§ **Try it**
A word-for-word copy of the entries below is required.

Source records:
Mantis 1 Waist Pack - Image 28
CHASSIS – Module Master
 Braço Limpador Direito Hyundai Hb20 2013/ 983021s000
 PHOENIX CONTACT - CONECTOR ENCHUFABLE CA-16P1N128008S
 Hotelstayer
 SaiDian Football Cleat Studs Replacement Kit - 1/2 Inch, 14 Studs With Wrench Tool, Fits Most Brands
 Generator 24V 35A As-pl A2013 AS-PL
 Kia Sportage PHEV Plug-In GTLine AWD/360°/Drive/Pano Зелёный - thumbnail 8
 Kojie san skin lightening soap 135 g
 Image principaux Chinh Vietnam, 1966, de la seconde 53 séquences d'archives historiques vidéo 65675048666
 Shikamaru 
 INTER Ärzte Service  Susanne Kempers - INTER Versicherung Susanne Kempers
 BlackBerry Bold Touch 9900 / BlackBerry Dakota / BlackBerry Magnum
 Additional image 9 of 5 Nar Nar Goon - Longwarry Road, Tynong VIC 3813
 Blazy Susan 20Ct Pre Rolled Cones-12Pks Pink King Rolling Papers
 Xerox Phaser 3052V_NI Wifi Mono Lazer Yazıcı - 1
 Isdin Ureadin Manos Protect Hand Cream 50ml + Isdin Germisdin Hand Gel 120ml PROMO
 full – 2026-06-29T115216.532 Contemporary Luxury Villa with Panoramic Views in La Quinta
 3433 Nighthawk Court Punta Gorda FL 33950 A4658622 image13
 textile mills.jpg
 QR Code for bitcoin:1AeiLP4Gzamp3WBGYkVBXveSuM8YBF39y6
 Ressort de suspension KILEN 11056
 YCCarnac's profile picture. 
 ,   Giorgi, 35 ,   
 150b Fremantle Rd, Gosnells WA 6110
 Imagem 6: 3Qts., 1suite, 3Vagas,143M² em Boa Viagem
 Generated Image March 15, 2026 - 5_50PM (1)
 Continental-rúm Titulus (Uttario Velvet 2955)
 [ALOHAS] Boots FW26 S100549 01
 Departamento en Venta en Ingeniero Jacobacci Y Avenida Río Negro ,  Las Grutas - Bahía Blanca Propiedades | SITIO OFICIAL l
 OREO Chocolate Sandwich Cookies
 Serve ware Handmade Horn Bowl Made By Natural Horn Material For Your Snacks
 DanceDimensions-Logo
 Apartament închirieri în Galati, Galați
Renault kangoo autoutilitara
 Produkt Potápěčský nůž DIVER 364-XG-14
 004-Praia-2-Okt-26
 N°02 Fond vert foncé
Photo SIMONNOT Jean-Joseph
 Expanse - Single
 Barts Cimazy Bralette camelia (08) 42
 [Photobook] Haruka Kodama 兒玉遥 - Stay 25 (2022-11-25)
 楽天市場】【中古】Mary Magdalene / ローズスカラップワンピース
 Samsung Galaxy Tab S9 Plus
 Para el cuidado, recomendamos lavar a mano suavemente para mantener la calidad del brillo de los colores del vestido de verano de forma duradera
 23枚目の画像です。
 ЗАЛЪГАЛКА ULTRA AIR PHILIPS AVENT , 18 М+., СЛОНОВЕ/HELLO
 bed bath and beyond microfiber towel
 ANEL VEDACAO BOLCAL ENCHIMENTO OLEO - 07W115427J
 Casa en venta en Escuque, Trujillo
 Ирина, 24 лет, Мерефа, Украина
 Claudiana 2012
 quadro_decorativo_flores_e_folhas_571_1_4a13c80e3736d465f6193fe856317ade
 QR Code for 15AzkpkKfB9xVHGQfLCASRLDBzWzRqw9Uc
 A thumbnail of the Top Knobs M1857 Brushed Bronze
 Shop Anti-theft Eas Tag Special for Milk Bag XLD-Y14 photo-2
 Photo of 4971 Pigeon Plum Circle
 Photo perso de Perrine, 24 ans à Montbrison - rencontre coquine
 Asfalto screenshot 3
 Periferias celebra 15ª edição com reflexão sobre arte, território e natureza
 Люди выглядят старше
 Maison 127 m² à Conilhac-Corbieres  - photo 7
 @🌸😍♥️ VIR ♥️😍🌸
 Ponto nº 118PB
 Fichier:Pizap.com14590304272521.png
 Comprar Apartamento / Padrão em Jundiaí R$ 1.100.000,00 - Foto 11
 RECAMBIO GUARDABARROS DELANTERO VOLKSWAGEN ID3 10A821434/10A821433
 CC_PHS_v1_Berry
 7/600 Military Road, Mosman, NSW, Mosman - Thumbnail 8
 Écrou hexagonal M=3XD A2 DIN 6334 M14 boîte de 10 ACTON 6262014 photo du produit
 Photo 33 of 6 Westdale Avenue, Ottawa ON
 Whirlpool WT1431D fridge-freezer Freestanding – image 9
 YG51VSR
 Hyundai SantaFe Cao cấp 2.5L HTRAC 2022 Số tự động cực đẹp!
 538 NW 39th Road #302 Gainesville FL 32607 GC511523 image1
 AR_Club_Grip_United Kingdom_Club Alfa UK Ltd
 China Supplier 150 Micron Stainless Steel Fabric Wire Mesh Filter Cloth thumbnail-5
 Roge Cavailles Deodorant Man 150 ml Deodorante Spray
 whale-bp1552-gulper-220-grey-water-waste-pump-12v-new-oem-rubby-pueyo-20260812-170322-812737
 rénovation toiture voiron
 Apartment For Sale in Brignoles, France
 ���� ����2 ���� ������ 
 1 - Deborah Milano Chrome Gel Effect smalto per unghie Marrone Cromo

§ **Written response**
Mantis 1 Waist Pack - Image 28
CHASSIS – Module Master
 Braço Limpador Direito Hyundai Hb20 2013/ 983021s000
 PHOENIX CONTACT - CONECTOR ENCHUFABLE CA-16P1N128008S
 Hotelstayer
 SaiDian Football Cleat Studs Replacement Kit - 1/2 Inch, 14 Studs With Wrench Tool, Fits Most Brands
 Generator 24V 35A As-pl A2013 AS-PL
 Kia Sportage PHEV Plug-In GTLine AWD/360°/Drive/Pano Зелёный - thumbnail 8
 Kojie san skin lightening soap 135 g
 Image principaux Chinh Vietnam, 1966, de la seconde 53 séquences d'archives historiques vidéo 65675048666
 Shikamaru 
 INTER Ärzte Service  Susanne Kempers - INTER Versicherung Susanne Kempers
 BlackBerry Bold Touch 9900 / BlackBerry Dakota / BlackBerry Magnum
 Additional image 9 of 5 Nar Nar Goon - Longwarry Road, Tynong VIC 3813
 Blazy Susan 20Ct Pre Rolled Cones-12Pks Pink King Rolling Papers
 Xerox Phaser 3052V_NI Wifi Mono Lazer Yazıcı - 1
 Isdin Ureadin Manos Protect Hand Cream 50ml + Isdin Germisdin Hand Gel 120ml PROMO
 full – 2026-06-29T115216.532 Contemporary Luxury Villa with Panoramic Views in La Quinta
 3433 Nighthawk Court Punta Gorda FL 33950 A4658622 image13
 textile mills.jpg
 QR Code for bitcoin:1AeiLP4Gzamp3WBGYkVBXveSuM8YBF39y6
 Ressort de suspension KILEN 11056
 YCCarnac's profile picture. 
 ,   Giorgi, 35 ,   
 150b Fremantle Rd, Gosnells WA 6110
 Imagem 6: 3Qts., 1suite, 3Vagas,143M² em Boa Viagem
 Generated Image March 15, 2026 - 5_50PM (1)
 Continental-rúm Titulus (Uttario Velvet 2955)
 [ALOHAS] Boots FW26 S100549 01
 Departamento en Venta en Ingeniero Jacobacci Y Avenida Río Negro ,  Las Grutas - Bahía Blanca Propiedades | SITIO OFICIAL l
 OREO Chocolate Sandwich Cookies
 Serve ware Handmade Horn Bowl Made By Natural Horn Material For Your Snacks
 DanceDimensions-Logo
 Apartament închirieri în Galati, Galați
Renault kangoo autoutilitara
 Produkt Potápěčský nůž DIVER 364-XG-14
 004-Praia-2-Okt-26
 N°02 Fond vert foncé
Photo SIMONNOT Jean-Joseph
 Expanse - Single
 Barts Cimazy Bralette camelia (08) 42
 [Photobook] Haruka Kodama 兒玉遥 - Stay 25 (2022-11-25)
 楽天市場】【中古】Mary Magdalene / ローズスカラップワンピース
 Samsung Galaxy Tab S9 Plus
 Para el cuidado, recomendamos lavar a mano suavemente para mantener la calidad del brillo de los colores del vestido de verano de forma duradera
 23枚目の画像です。
 ЗАЛЪГАЛКА ULTRA AIR PHILIPS AVENT , 18 М+., СЛОНОВЕ/HELLO
 bed bath and beyond microfiber towel
 ANEL VEDACAO BOLCAL ENCHIMENTO OLEO - 07W115427J
 Casa en venta en Escuque, Trujillo
 Ирина, 24 лет, Мерефа, Украина
 Claudiana 2012
 quadro_decorativo_flores_e_folhas_571_1_4a13c80e3736d465f6193fe856317ade
 QR Code for 15AzkpkKfB9xVHGQfLCASRLDBzWzRqw9Uc
 A thumbnail of the Top Knobs M1857 Brushed Bronze
 Shop Anti-theft Eas Tag Special for Milk Bag XLD-Y14 photo-2
 Photo of 4971 Pigeon Plum Circle
 Photo perso de Perrine, 24 ans à Montbrison - rencontre coquine
 Asfalto screenshot 3
 Periferias celebra 15ª edição com reflexão sobre arte, território e natureza
 Люди выглядят старше
 Maison 127 m² à Conilhac-Corbieres  - photo 7
 @🌸😍♥️ VIR ♥️😍🌸
 Ponto nº 118PB
 Fichier:Pizap.com14590304272521.png
 Comprar Apartamento / Padrão em Jundiaí R$ 1.100.000,00 - Foto 11
 RECAMBIO GUARDABARROS DELANTERO VOLKSWAGEN ID3 10A821434/10A821433
 CC_PHS_v1_Berry
 7/600 Military Road, Mosman, NSW, Mosman - Thumbnail 8
 Écrou hexagonal M=3XD A2 DIN 6334 M14 boîte de 10 ACTON 6262014 photo du produit
 Photo 33 of 6 Westdale Avenue, Ottawa ON
 Whirlpool WT1431D fridge-freezer Freestanding – image 9
 YG51VSR
 Hyundai SantaFe Cao cấp 2.5L HTRAC 2022 Số tự động cực đẹp!
 538 NW 39th Road #302 Gainesville FL 32607 GC511523 image1
 AR_Club_Grip_United Kingdom_Club Alfa UK Ltd
 China Supplier 150 Micron Stainless Steel Fabric Wire Mesh Filter Cloth thumbnail-5
 Roge Cavailles Deodorant Man 150 ml Deodorante Spray
 whale-bp1552-gulper-220-grey-water-waste-pump-12v-new-oem-rubby-pueyo-20260812-170322-812737
 rénovation toiture voiron
 Apartment For Sale in Brignoles, France
 ���� ����2 ���� ������ 
 1 - Deborah Milano Chrome Gel Effect smalto per unghie Marrone Cromo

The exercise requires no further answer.